Web page caption snippets:
*** Block opens ***

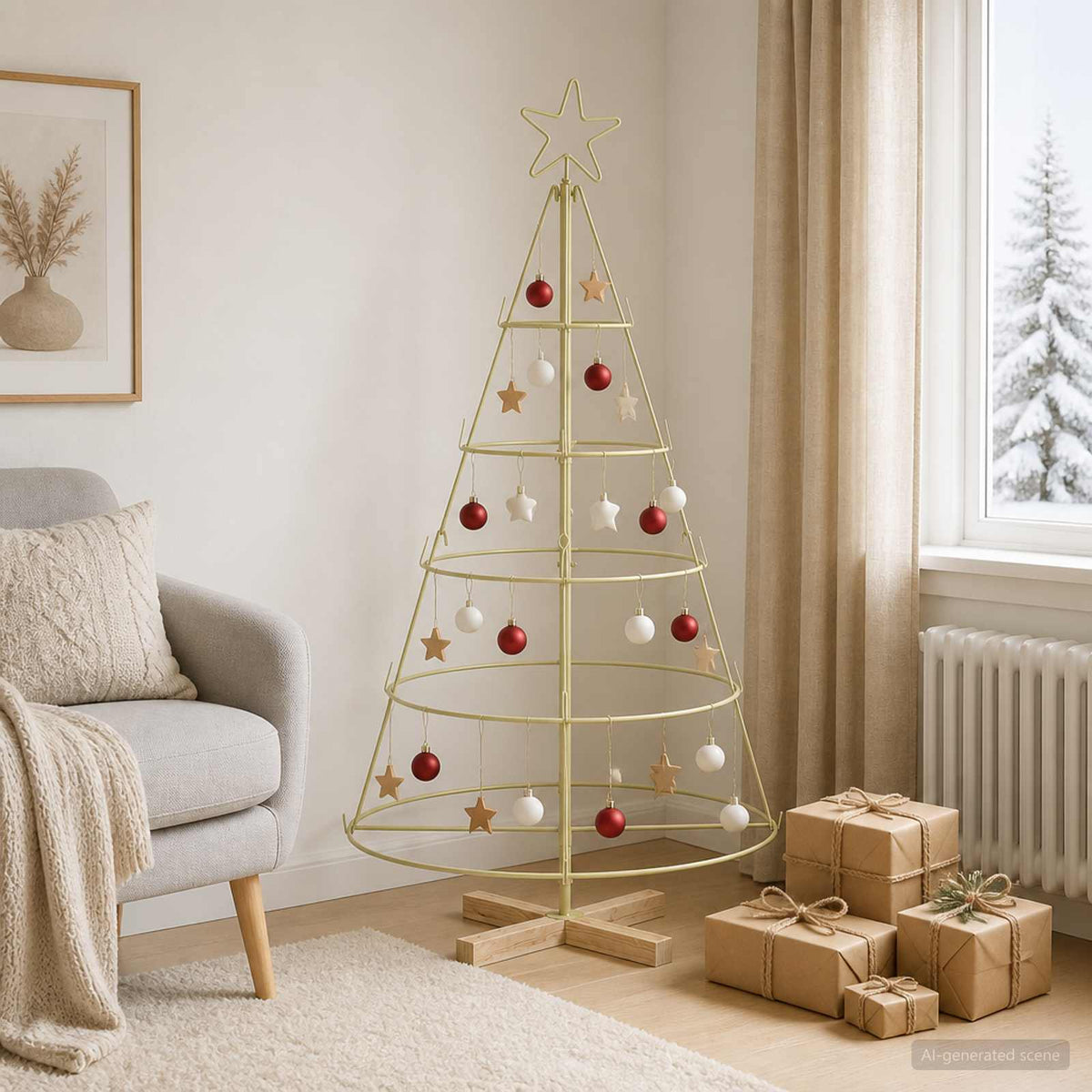 Metalen kerstboom met standaard KUOPIO 125 cm Staal Goud is nu te koop bij PeponiXL, paradijselijk wonen!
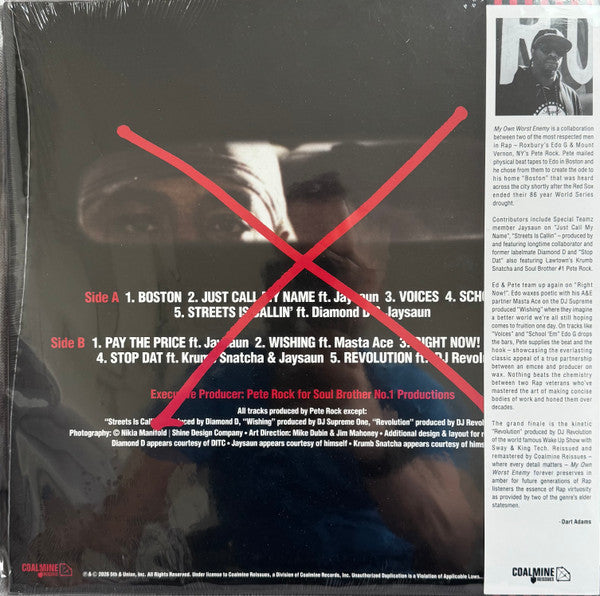 Ed O.G Featuring Pete Rock : My Own Worst Enemy (LP, Album, Ltd, Num, RE, RM, OBI + 7", Pic, Fle)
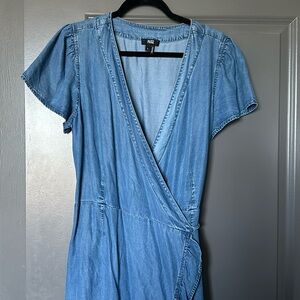 Denim wrap dress
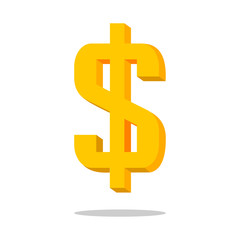 US Dollar symbol. Golden 3D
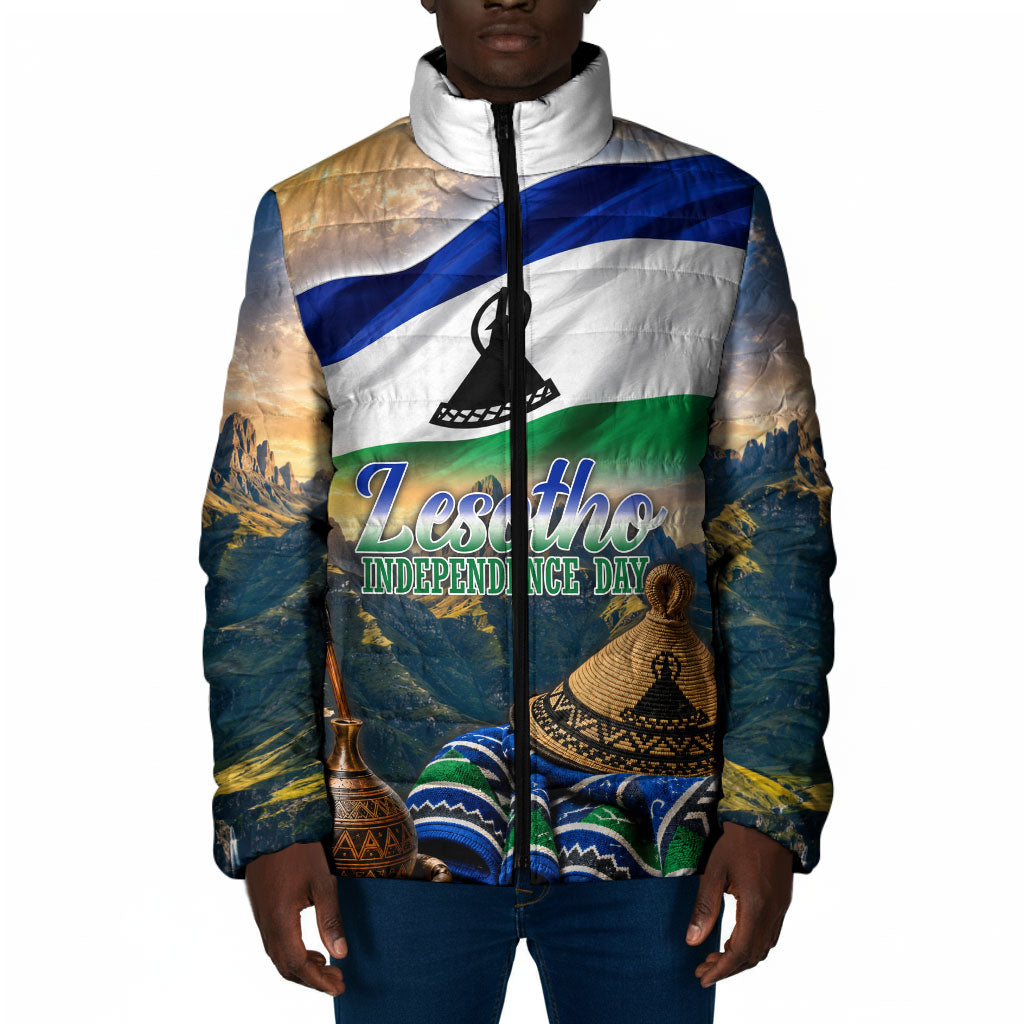 Lesotho Independence Day Padded Jacket Basotho Hat Flag And Cultural Heritage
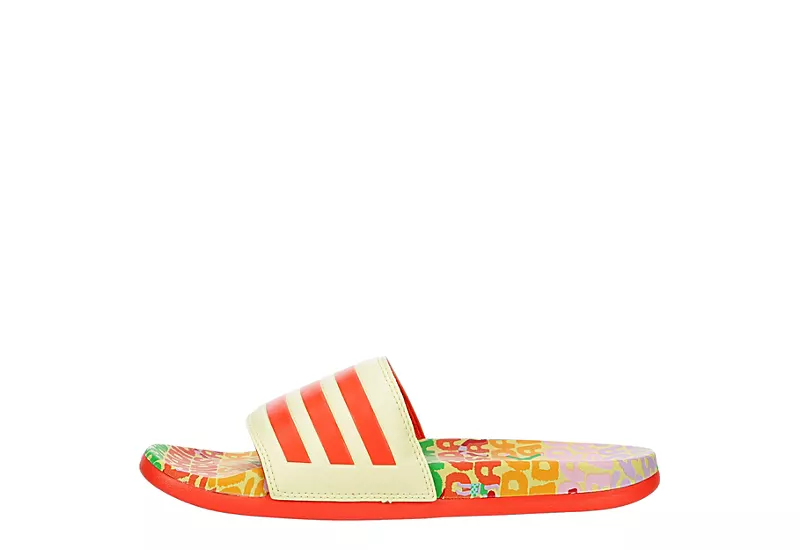Adidas Womens Adilette Comfort Slide Sandal - Pale Yellow 4 Adidas Womens Adilette Comfort Slide Sandal - Pale Yellow - Image 4
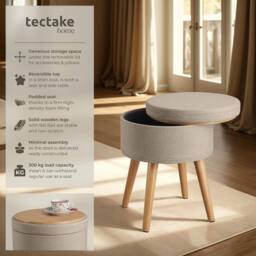 tectake Stool Yara - Round, Padded, With Storage Space, Linen Look in Light Sand - thumbnail 2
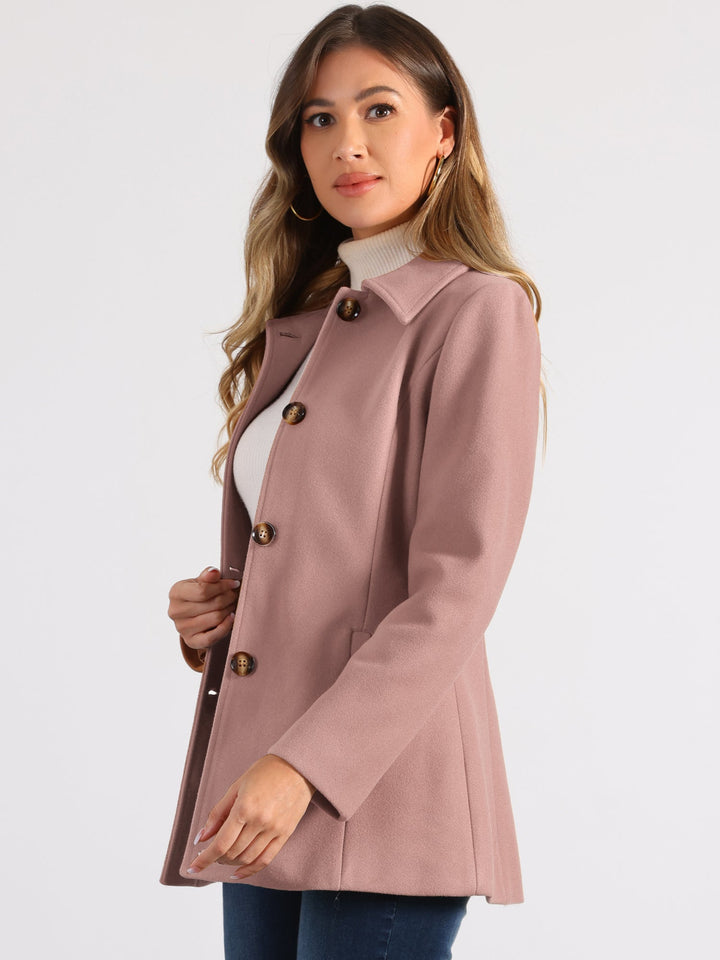 Manteau d’hiver pour femme à boutonnage simple et col | boutonné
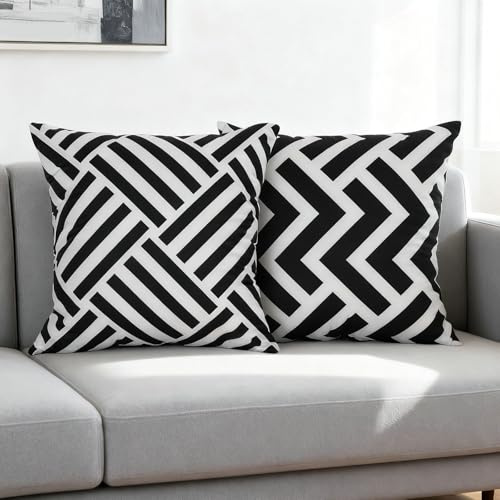 BCughia Kissenbezug 40 x 40 2er Set, Kurzplüsch Doppelseitig Geometrische Muster Dekokissen Quadratisch Sofakissen Outdoor Zierkissen Couchkissen, Schwarz und Weiß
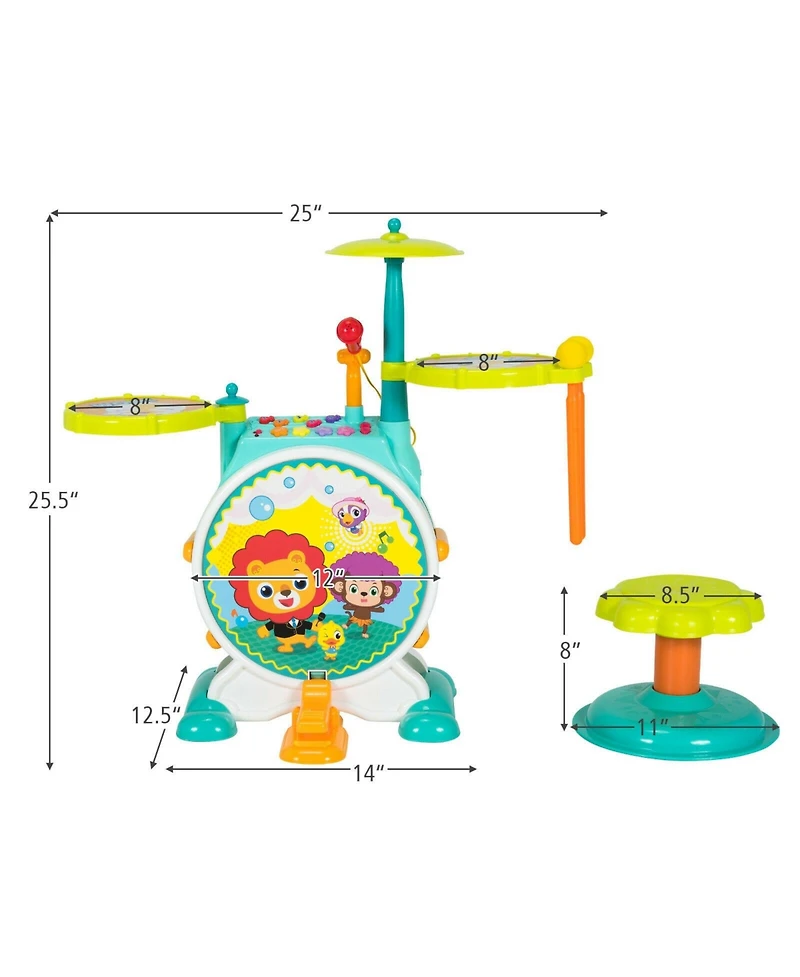 Mecale 3-Piece Electric Kids Drum Set with Microphone Stool Pedal
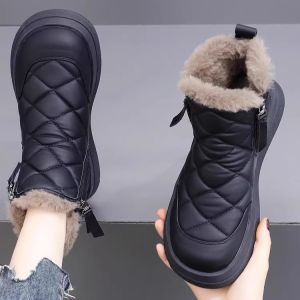 Thickened Fleece Lined Flat Bottom Womens Snow Boots Winter Warm Anti-slip Short Boot Waterproof Rubber Sole Casual Style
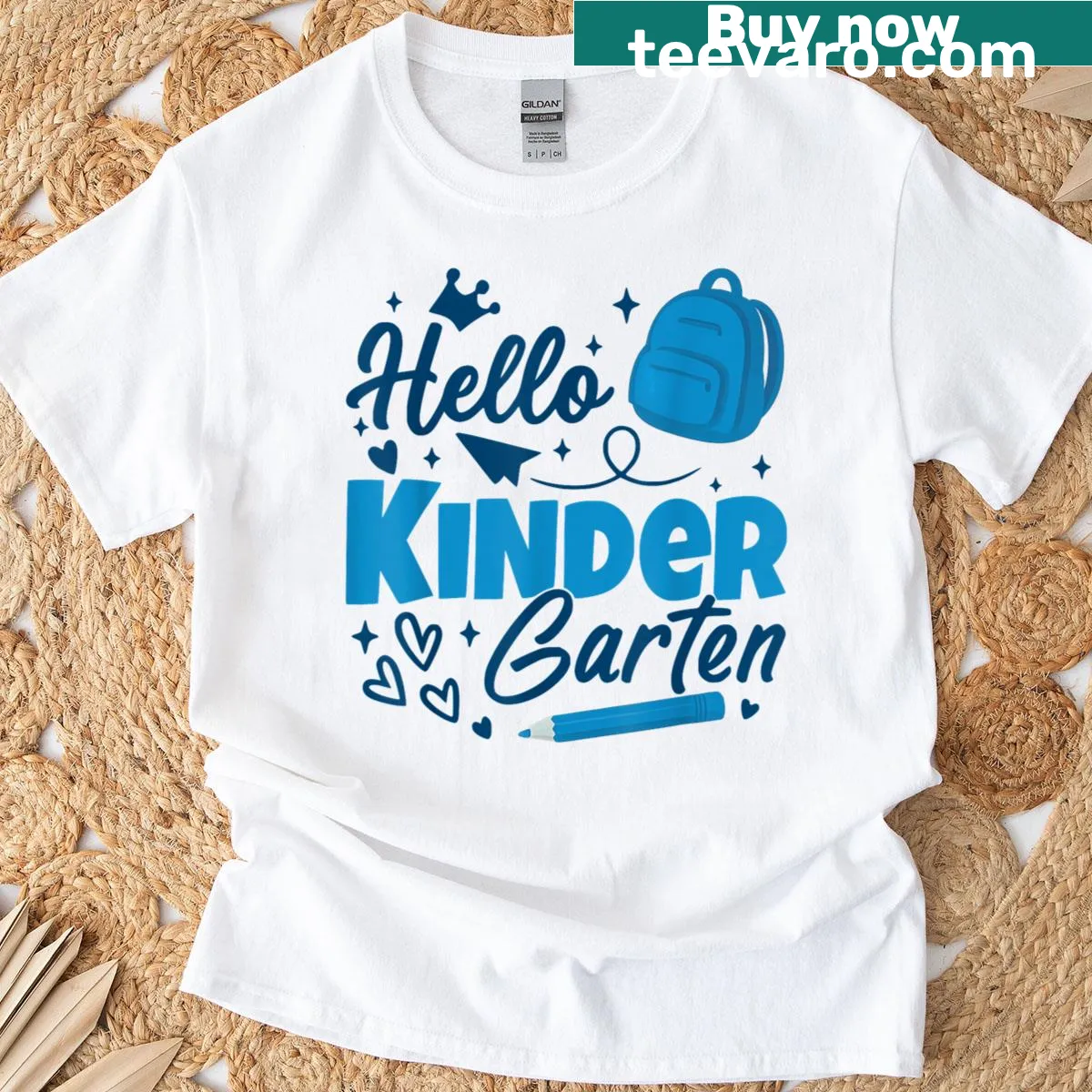 Playful kindergarten teacher tee with first day school graphics — on a men's t-shirt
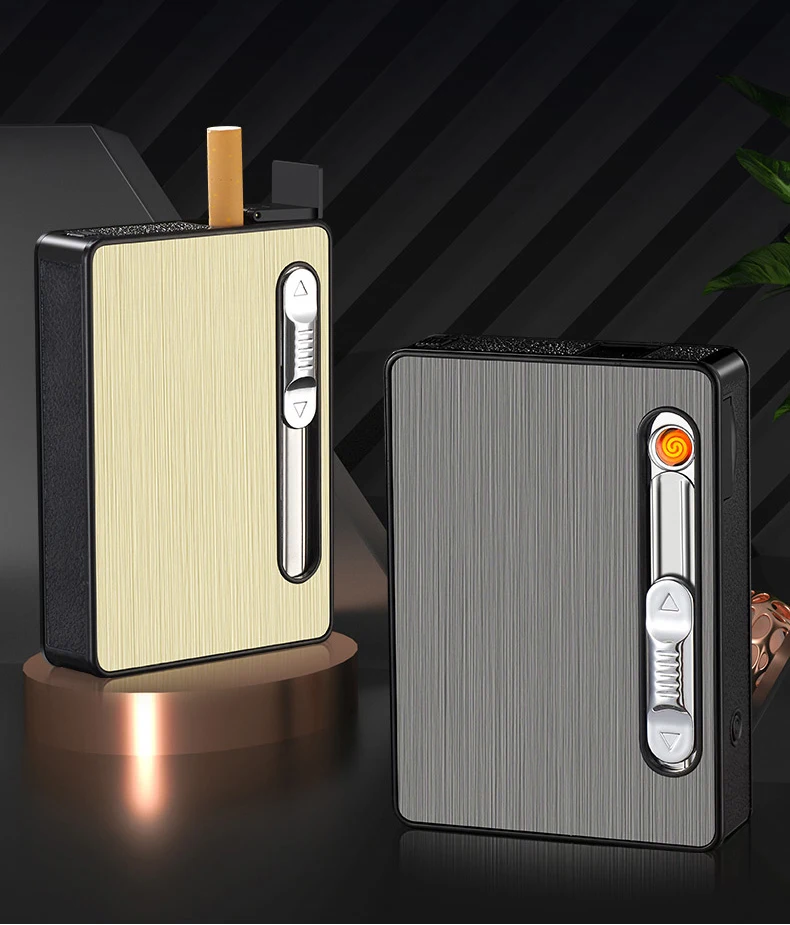 USB Rechargeable Lighter 10 Pack Cigarette Case Windproof Lighter 3-in-1 Multifunctional Rechargeable Cigarette Case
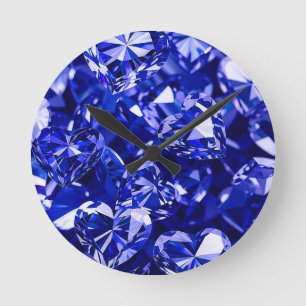 Blue Crystal Diamond Hearts Runde Wanduhr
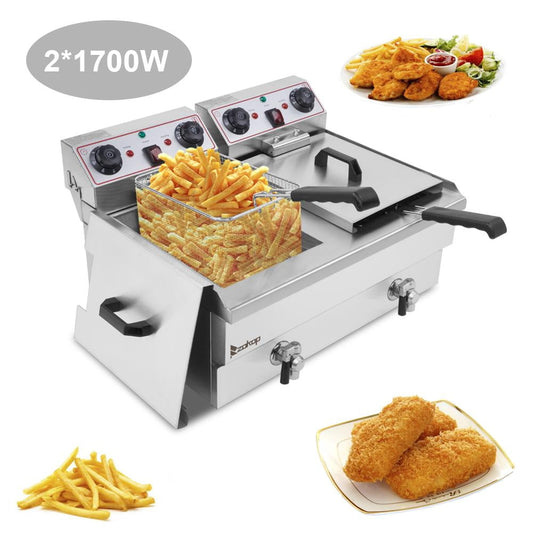 GoDecor Upgrade 16.9QT Commercial Electric Stainless Steel Deep Fryer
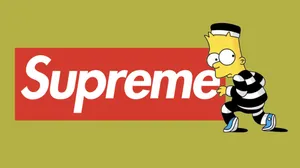Stylish Supreme Bart Simpson Wallpaper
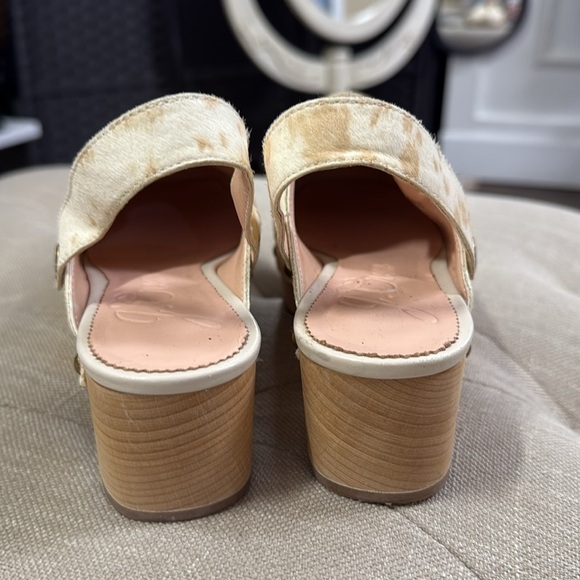 J. Crew Calf Haiar Convertible Strap Leather Wooden Clogs Size 6 - Picture 4 of 14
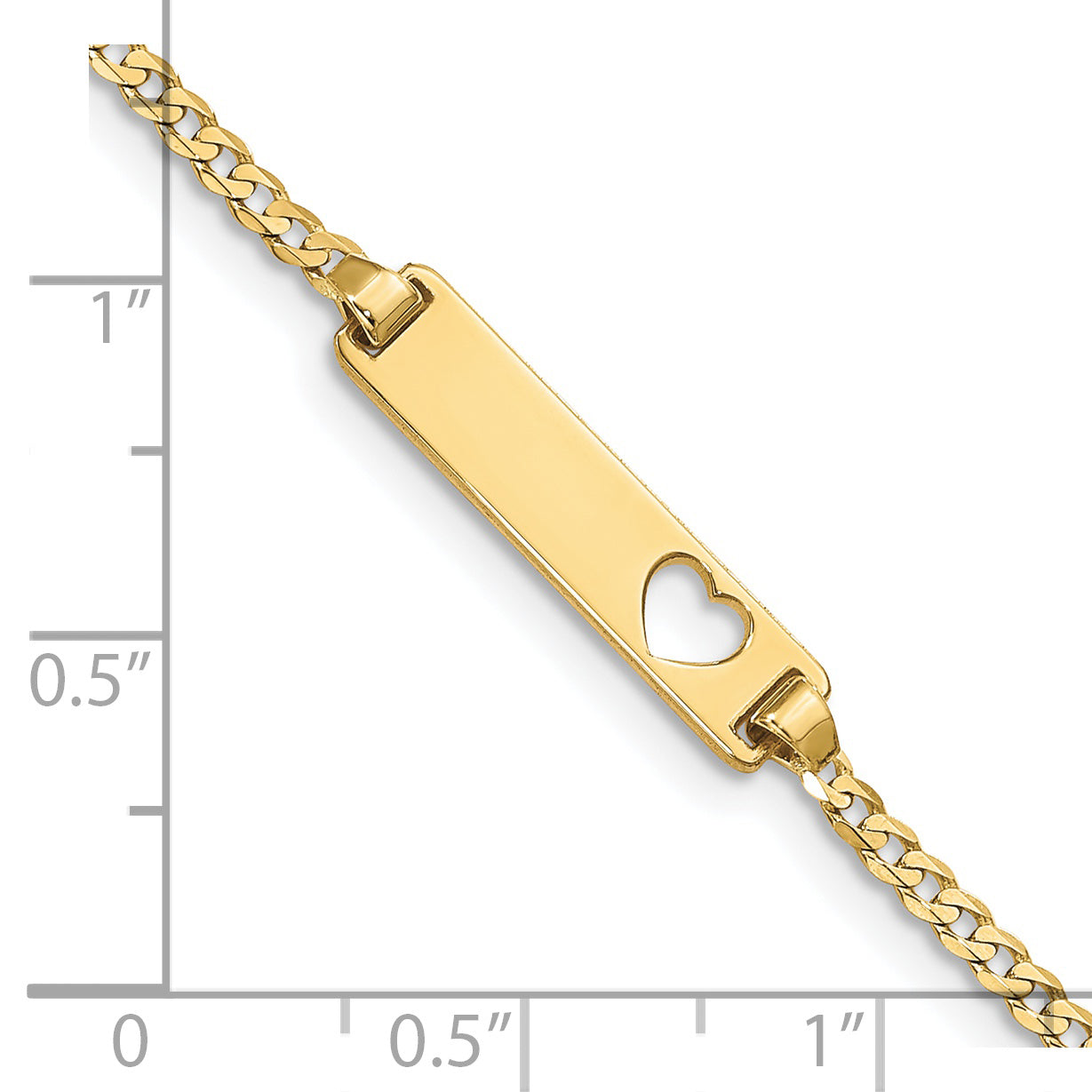 10k Yellow Gold Flat Curb Link ID Bracelet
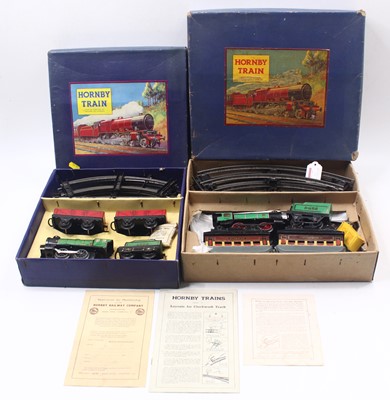 Lot 151 - Two Hornby 0 gauge train sets, including a...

*** Block closes ***

TASK STATEMENT
Please copy only the lines from the one that contains "10k Yellow Gold Flat Curb Link ID Bracelet" through the last line of the records, exactly, and keep every picture out of the copy.

SOLUTION TO THE PROBLEM
 10k Yellow Gold Flat Curb Link ID Bracelet
 Lot 151 - Two Hornby 0 gauge train sets, including a...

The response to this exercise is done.